The company takes the protection of its intellectual property seriously. It has more than 60 issued and pending patent applications, including one for "Method and Apparatus of Making Thin Semiconductor Sheets from Molten Material.”

Traditional wafer manufacturing involves melting down silicon into large blocks of crystalline silicon (ingots), which are then cut into bricks, polished and sliced into wafers. The slicing is particularly wasteful, with much of the raw material ground into dust. As much as half the silicon is wasted in addition to kilometres of diamond-edged cutting wire per block. The stages of this process are shown in Figure 1 below.

In contrast, 1366’s "Direct Wafer" process melts the top layer of silicon, then uses laser sensors to cool the layer, creating a hardened top piece that is then removed and cut to size to form the final wafer. Leftover trimmings are recycled back into the melting process. This process uses less energy and wastes less silicon, according to the company. BNEF has drawn up the diagram in Figure 2 based on what can be understood to be the company’s manufacturing process, as found in its 2014 patent. The process has otherwise not been disclosed.

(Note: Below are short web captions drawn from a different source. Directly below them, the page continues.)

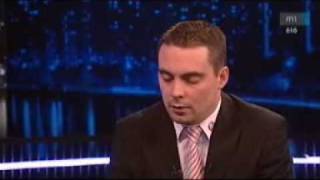 3/3. rész - Vona Gábor a JOBBIK Elnöke - VÁLASZTÁS 2010 (2010.03.24.)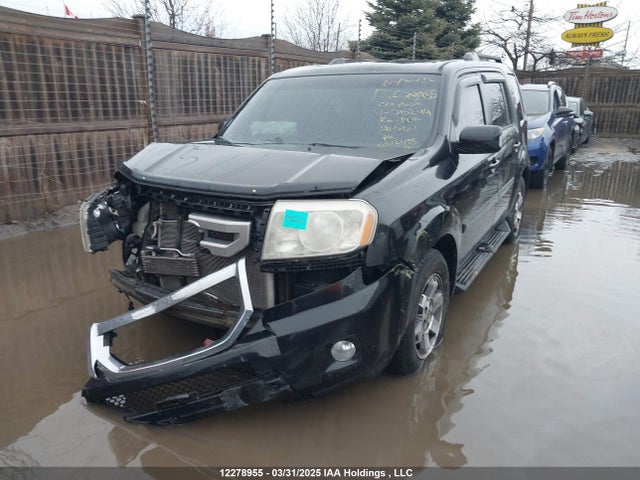 Aukcja sprzedaży 2009 Honda Pilot Touring, vin: 5FNYF48999B015249, numer aukcji: 12278955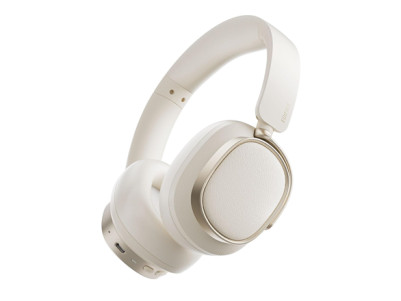 Edifier | Wireless Over-Ear Headphones | ES850NB | Built-in microphone | Bluetooth | ANC | Ivory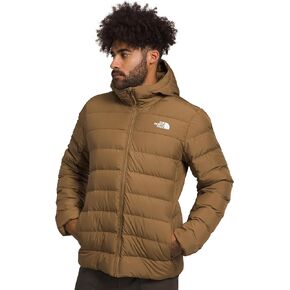 THE NORTH FACE Men's Aconcagua Insulated Hooded Jacket (Standard and Big Size), Summit Navy-NPF, Large in Kuwait
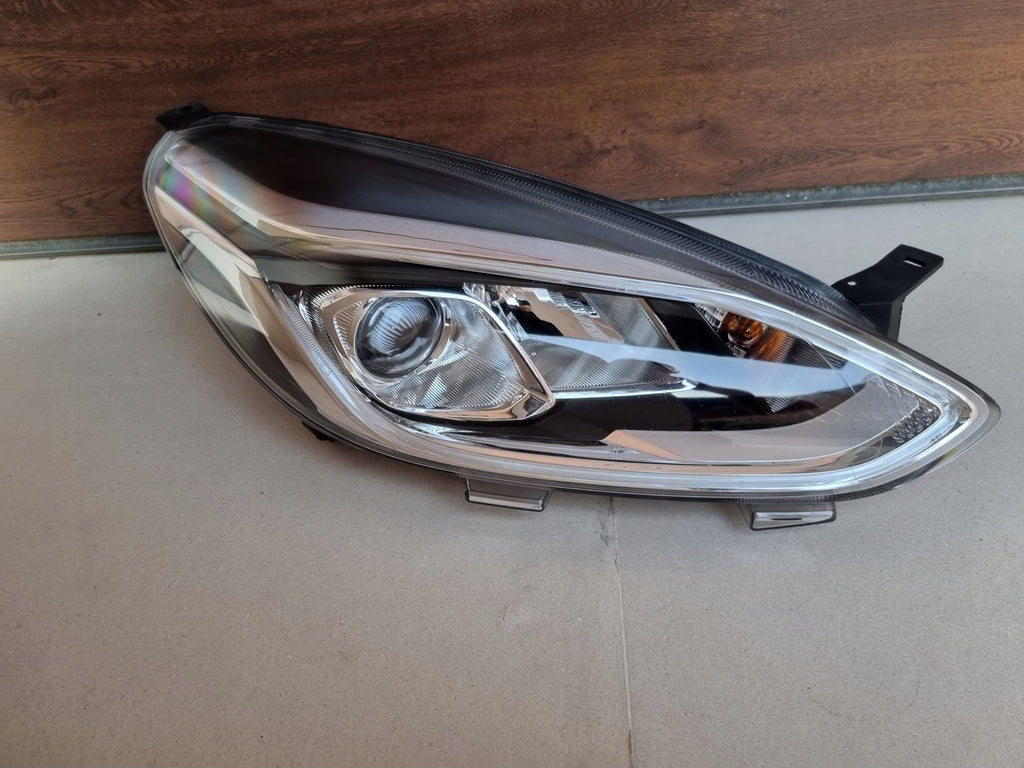 Frontscheinwerfer Ford Fiesta LED Rechts Scheinwerfer Headlight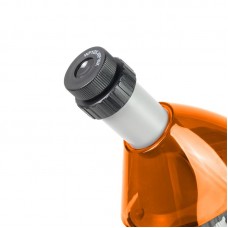 Микроскоп Микромед Атом 40x-640x (апельсин)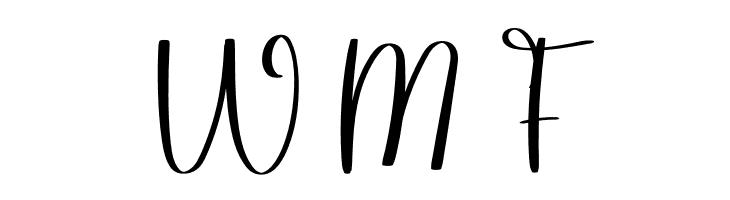 Mandala Wedding  Free Fonts Download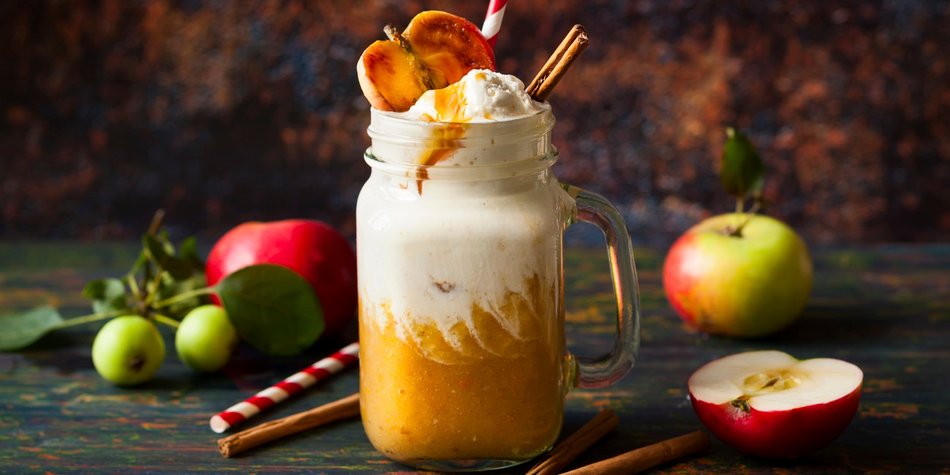 Winter-Smoothies: Cremig, würzig, lecker! Winter-Smoothies: Cremig, würzig, lecker!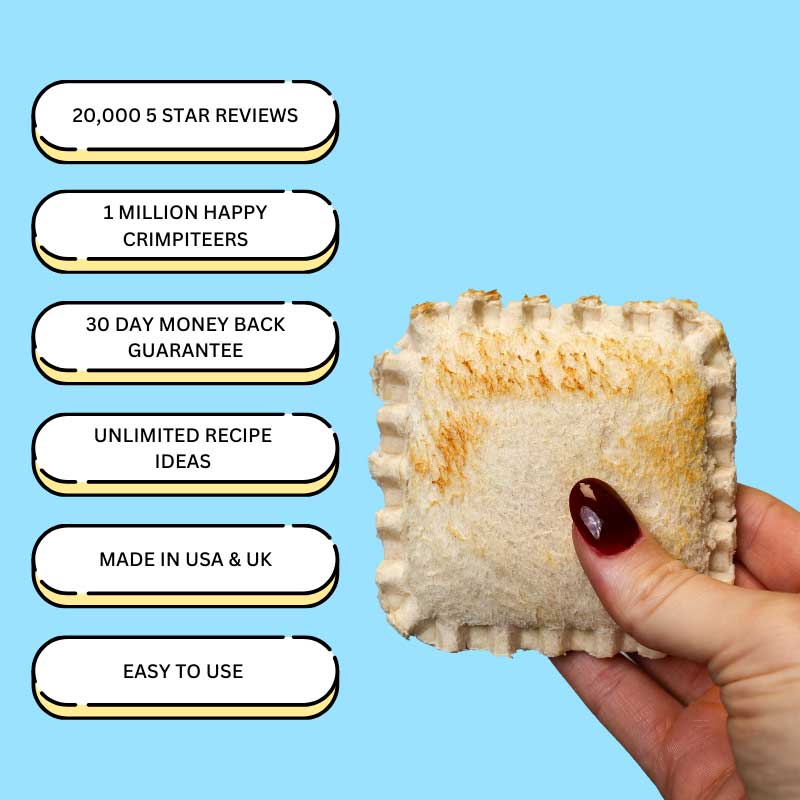 CRIMPiT Sandwich Bread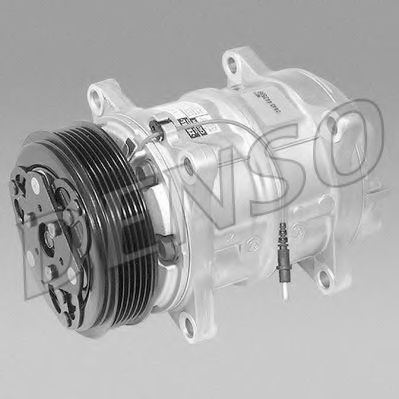 Компрессор, кондиционер DENSO DCP23000
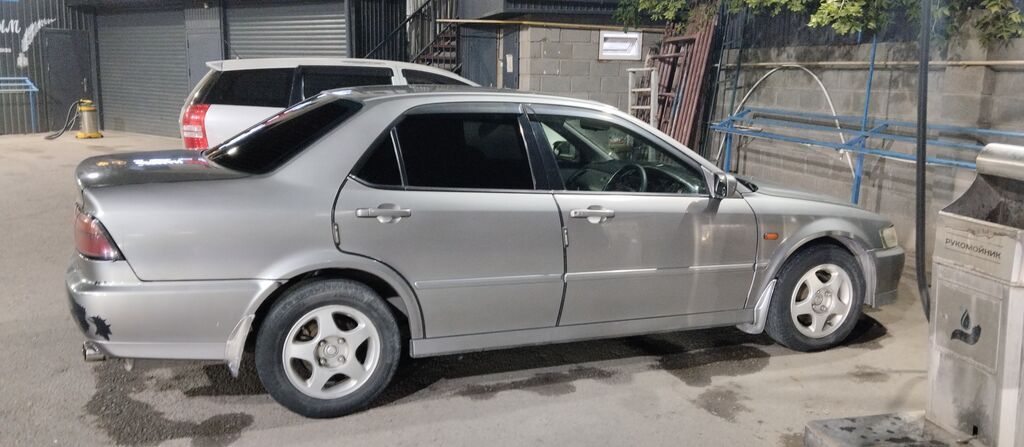 Honda Accord: 1999 г., 2 л, Автомат, Бензин, Седан: фото 3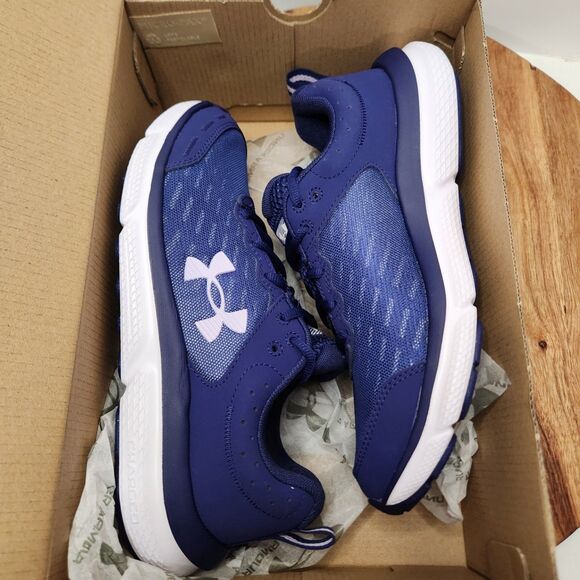 Under Armour Charged Assert | Women's size 9 | Blu - Picture 9 of 9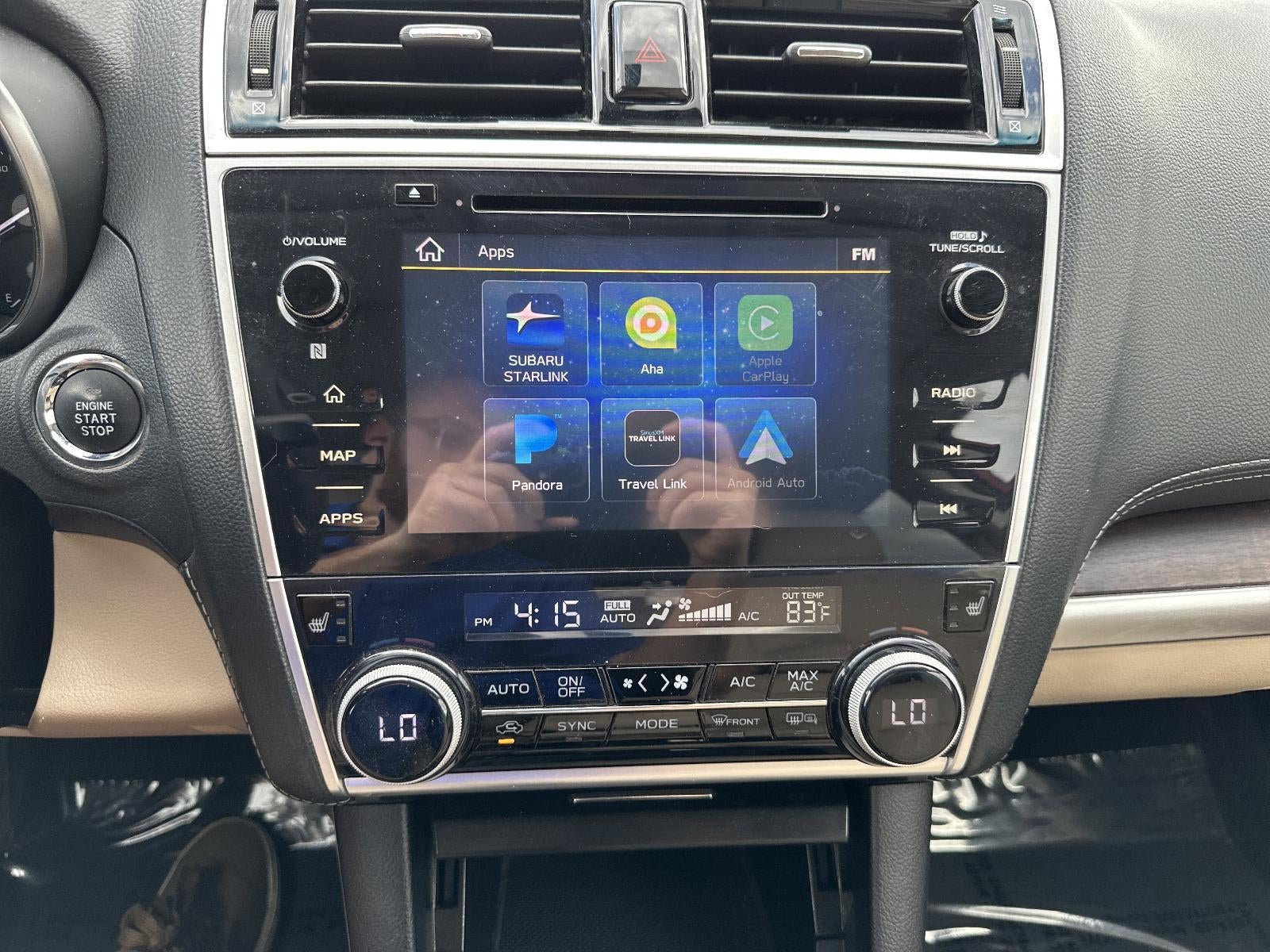 2019 Subaru Outback 2.5i Limited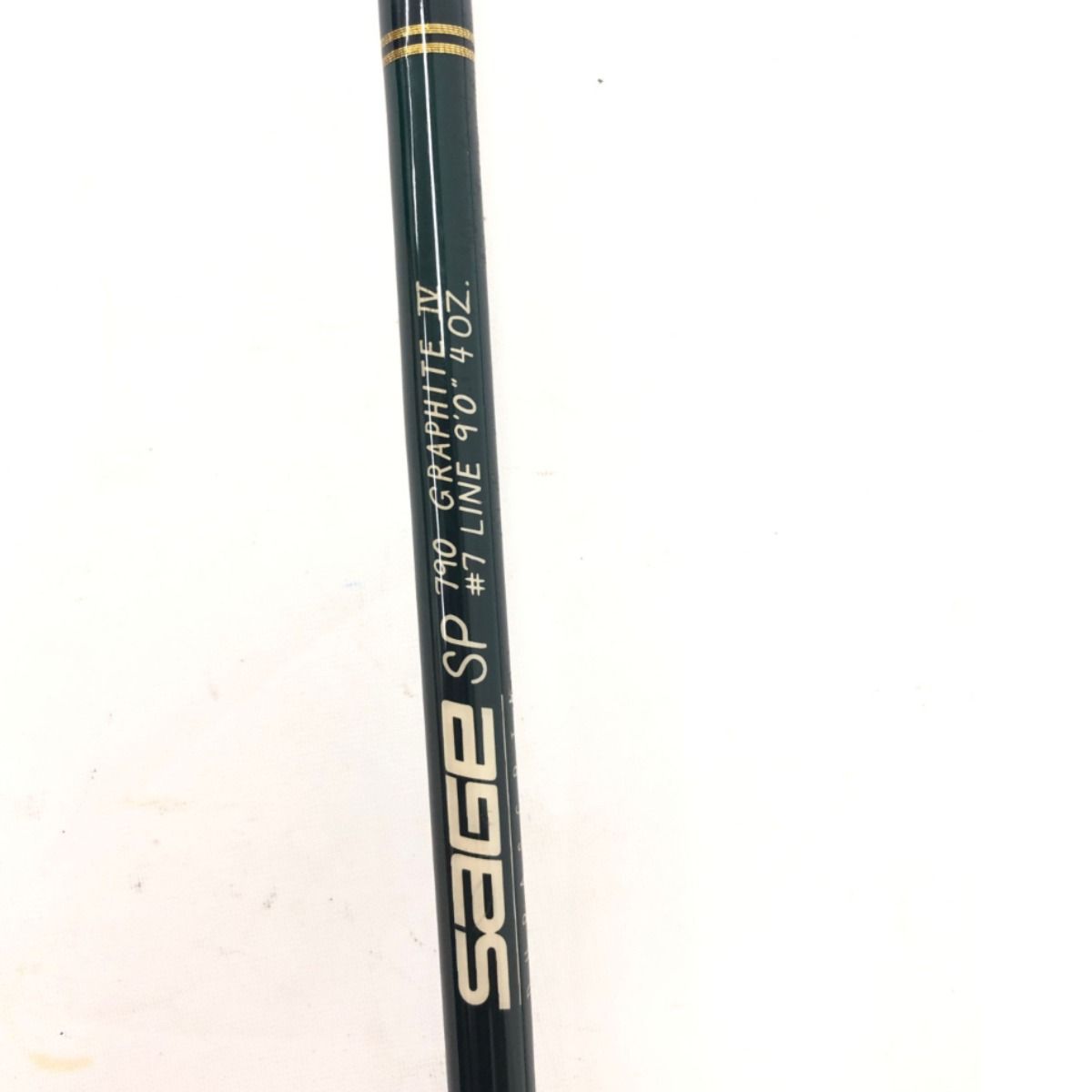 ▼▼sage セージ フライロッド GRAPHITE Ⅳ グラファイト SP790 #7LINE ▽▽sage セージ フライロッド GRAPHITE Ⅳ グラファイト SP790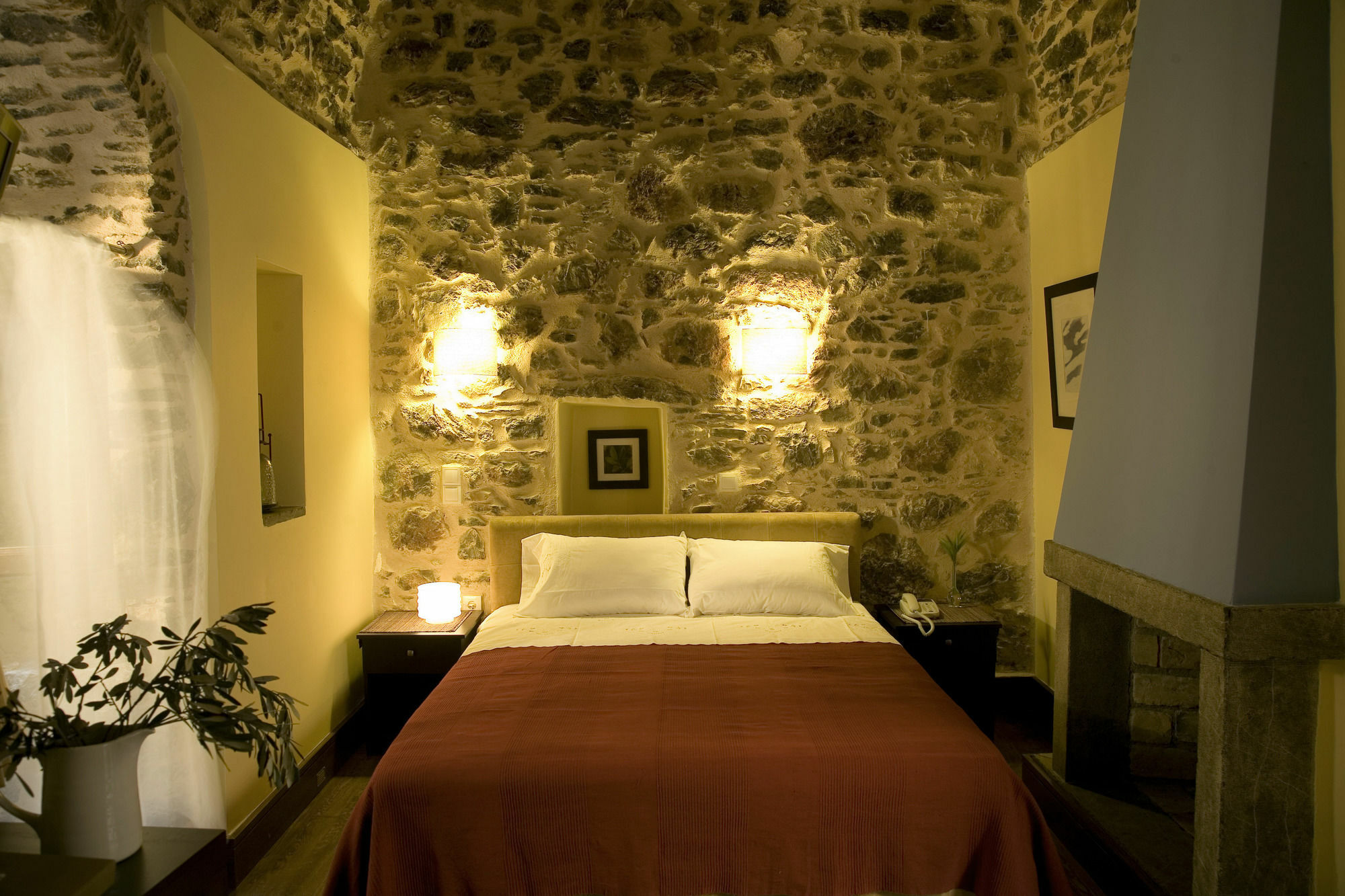 Medieval Castle Aparthotel Μεστά Εξωτερικό φωτογραφία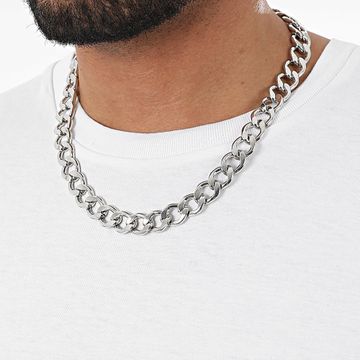 Urban Classics - Collana TB3891 Argento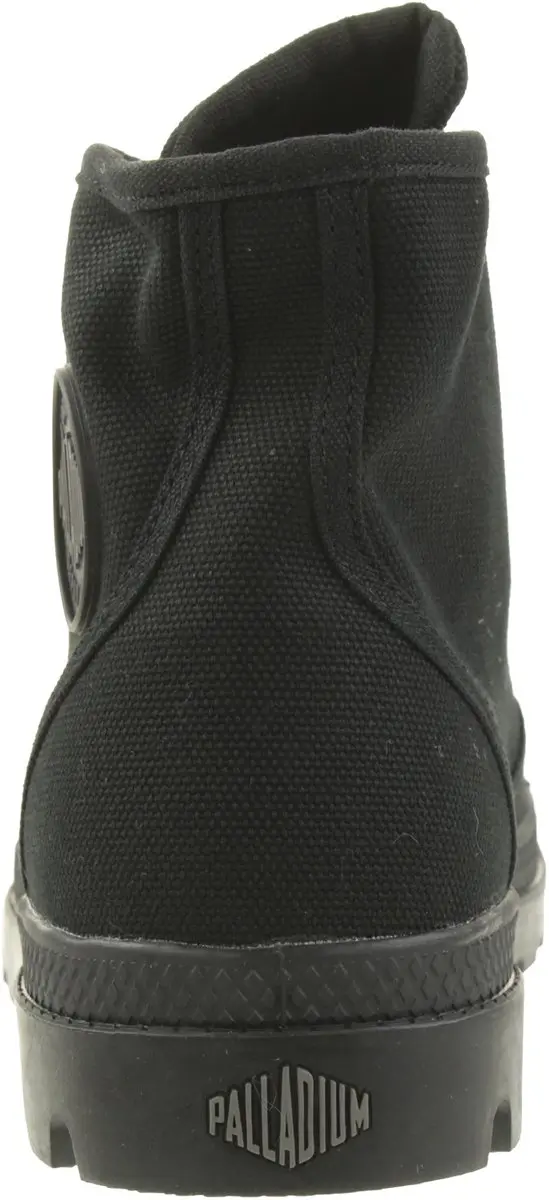 Palladium US Pampa Hi H Boots - Zwart
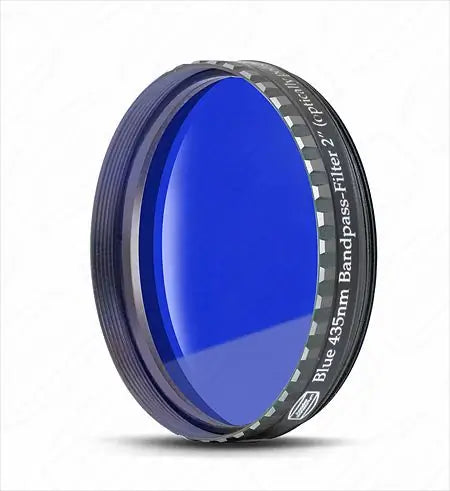 Baader Dark Blue Color Filter - Astronomy Plus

The molten polysilicon is held to the substrate by vacuum suction during less than 10 seconds of contact. Once the solidification reaches the desired thickness, the substrate is moved away from the melt, with the grown wafer attached. Gas pressure may then be applied to separate the wafer from the substrate, creating the final solar wafer in less than 10 seconds. (This process is deduced from the 1366 patent and hasn't been confirmed by the company).